In an interview the morning of Oct. 22 at the Breeders' Cup command center, a fenced-in trailer complex in the Arlington parking lot, Breeders' Cup president D.G. Van Clief Jr. said he hopes the Illinois track makes the grade.
"The best result would be an event that performs at a level that would substantiate Arlington serving as a future host site," Van Clief said. "We need to have a good day that makes an on-target contribution to the combined National Thoroughbred Racing Association/Breeders' Cup budget. Chicago is an attractive proposition for potential corporate partners, and we think it's the kind of marketplace that provides high visibility for the event."
Arlington has been a challenge for Breeders' Cup organizers because of the large number of temporary seats that had to be erected. The Arlington version of the World Thoroughbred Championships will serve as a guide for Lone Star Park, the Texas track that has been named as the 2004 host site.
"This is going to be an immensely valuable experience," Van Clief said. "It will have a direct impact on getting Lone Star up to speed for the event."
When asked if the move to somewhat smaller facilities is designed to heighten the demand for Breeders' Cup tickets by making them a premium commodity, Van Clief said that isn't the case.

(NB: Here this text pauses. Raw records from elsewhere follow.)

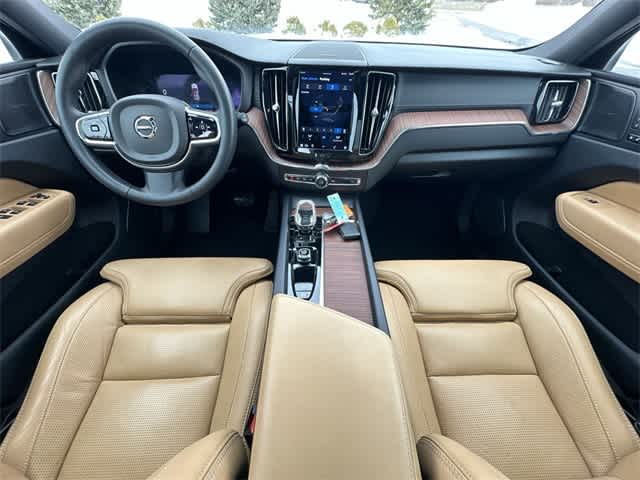2023 Volvo XC60 Recharge Plug-In Hybrid Ultimate Bright Theme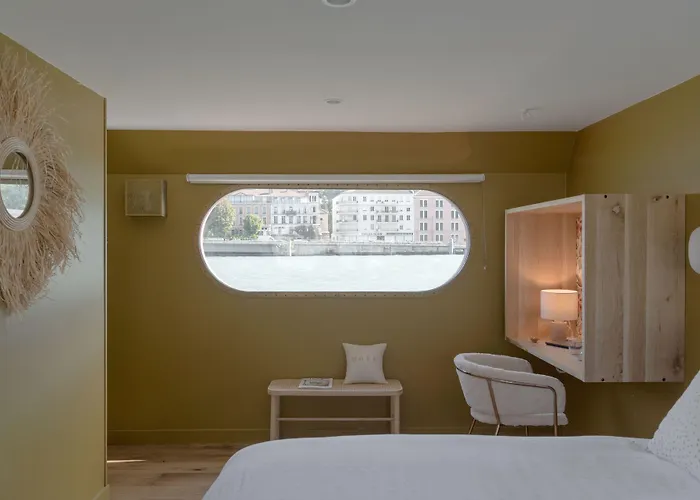 LA PENICHE - Bed And Bicycle - Vienne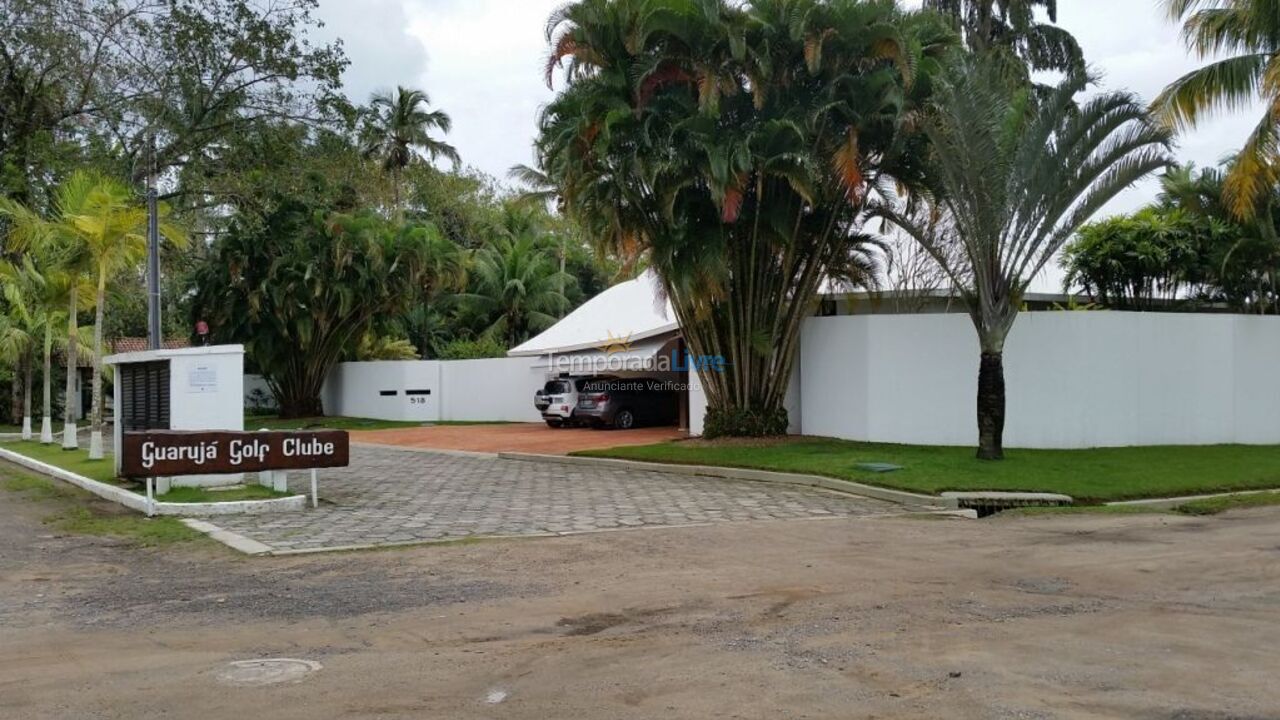 Casa para aluguel de temporada em Guarujá (Praia do Pernambuco)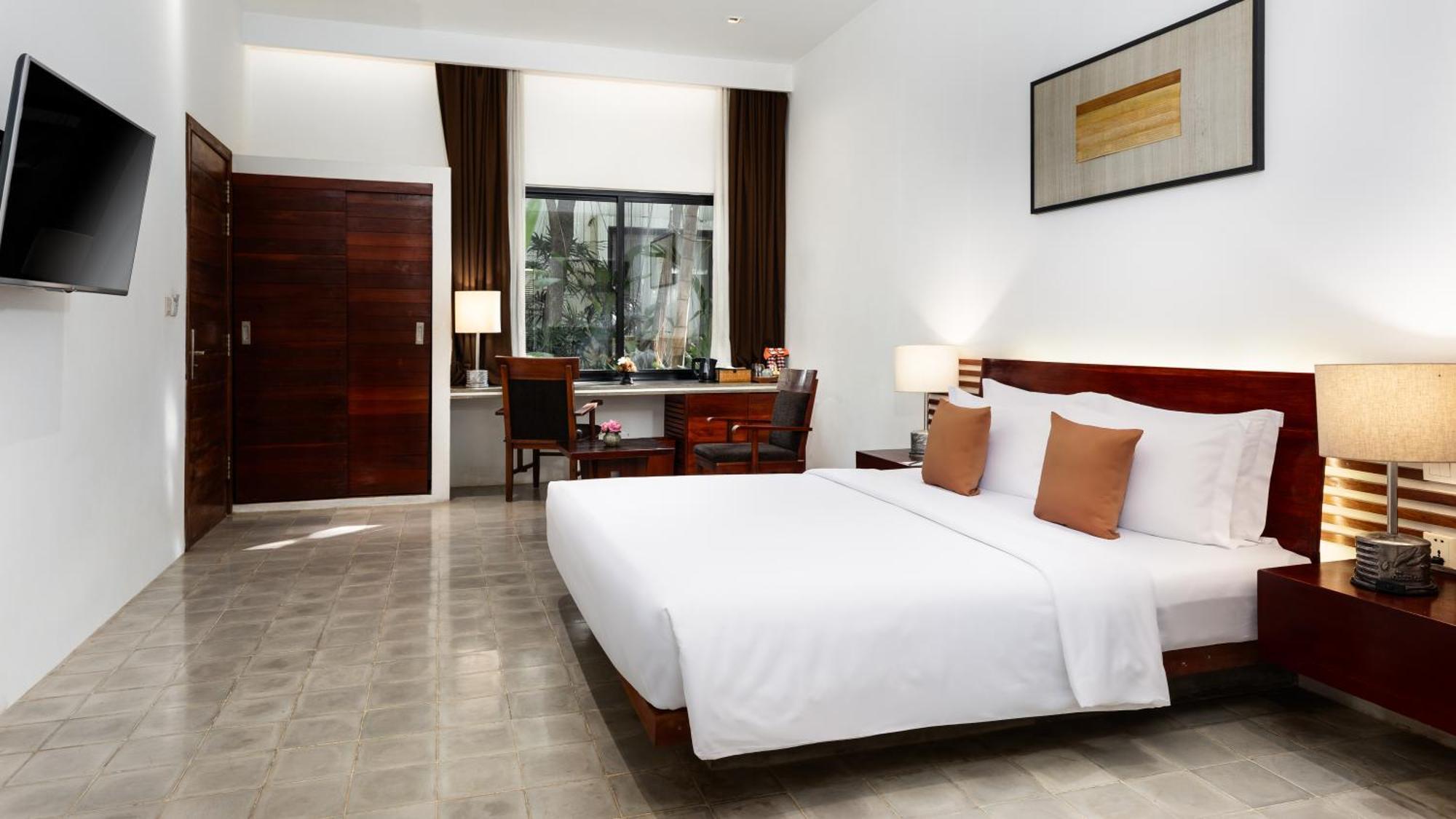 Lynnaya Urban River Hotel 5*
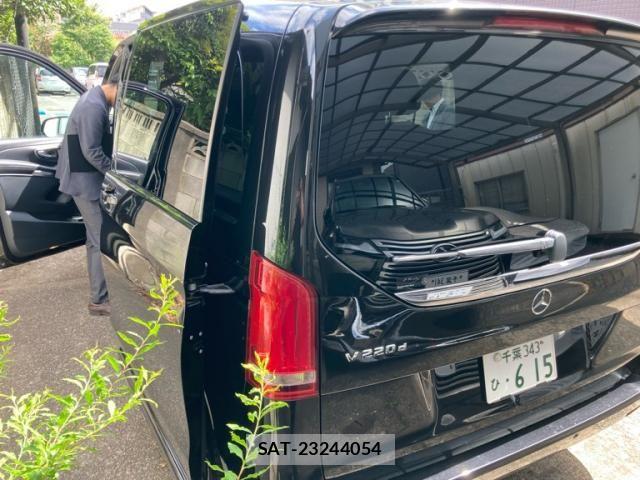 Mercedes Benz V-CLASS 2019-06 7328355-5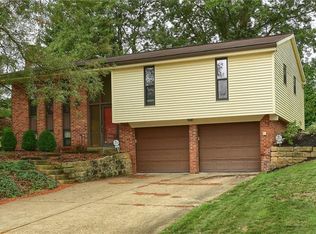 112 Valley Hi Dr, Pittsburgh, PA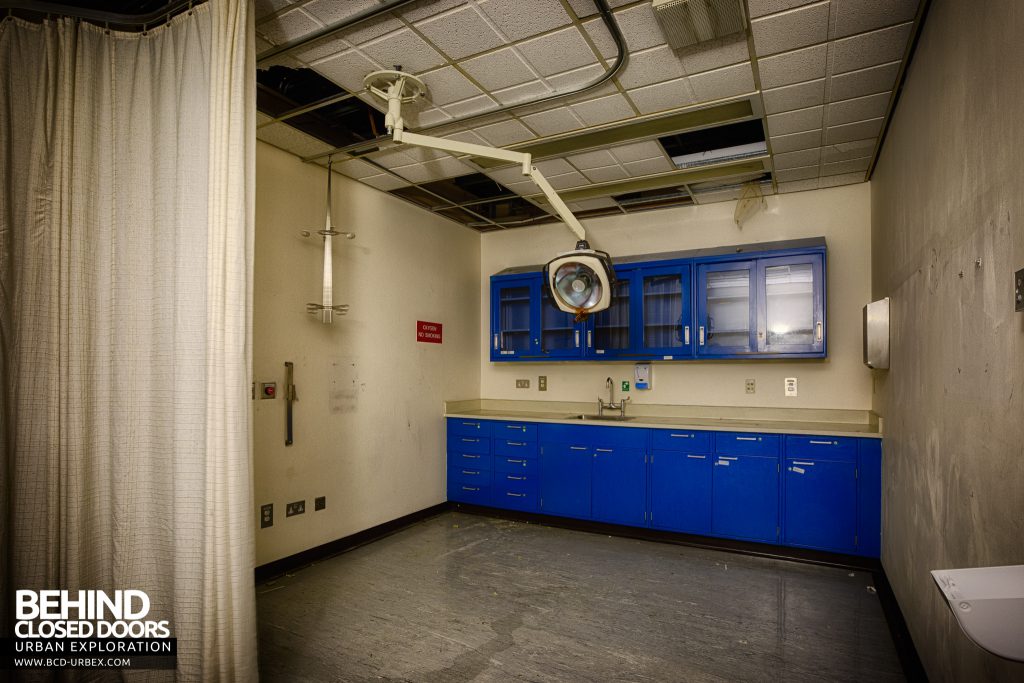 RAF Upwood Clinic - One of the many treatment rooms with light and curtain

He said there is something to be said for "maximizing the value of the event," but that customer service and achieving revenue goals are key components of the equation.
The Breeders' Cup rotation has been mapped out for the next four years: Santa Anita Park in 2003, Lone Star in 2004, probably Belmont Park in 2005, and Churchill Downs in 2006. Van Clief wouldn't comment on discussions for 2007.
Van Clief said the New Jersey Sports and Exposition Authority, which operates Meadowlands and Monmouth Park, continues to express an interest in the event. The Maryland Jockey Club, which operates Laurel Park and Pimlico Race Course and has a deal pending to sell a majority interest to Magna Entertainment, has not contacted Breeders' Cup, he said.
Mid-Atlantic racing associations, as part of a deal to rejoin the NTRA, said they would like the region to be considered as a World Thoroughbred Championships host.
When asked if even Keeneland, despite some physical obstacles, would be considered if it expressed an interest, Van Clief said: "Yes, we would."
On the sponsorship front, Van Clief said the NTRA/Breeders' Cup would like to have a title sponsor for each of the eight races (there currently are five), but it's not do-or-die. The Classic division could be the toughest one to sell, he said, because it "could be worth a considerable number."
There could be another sponsorship announcement before Oct. 26, Van Clief said, but he wouldn't provide specifics. During the NTRA annual meeting Sept. 30 in Las Vegas, officials said they were very close to closing a sponsorship deal with FedEx.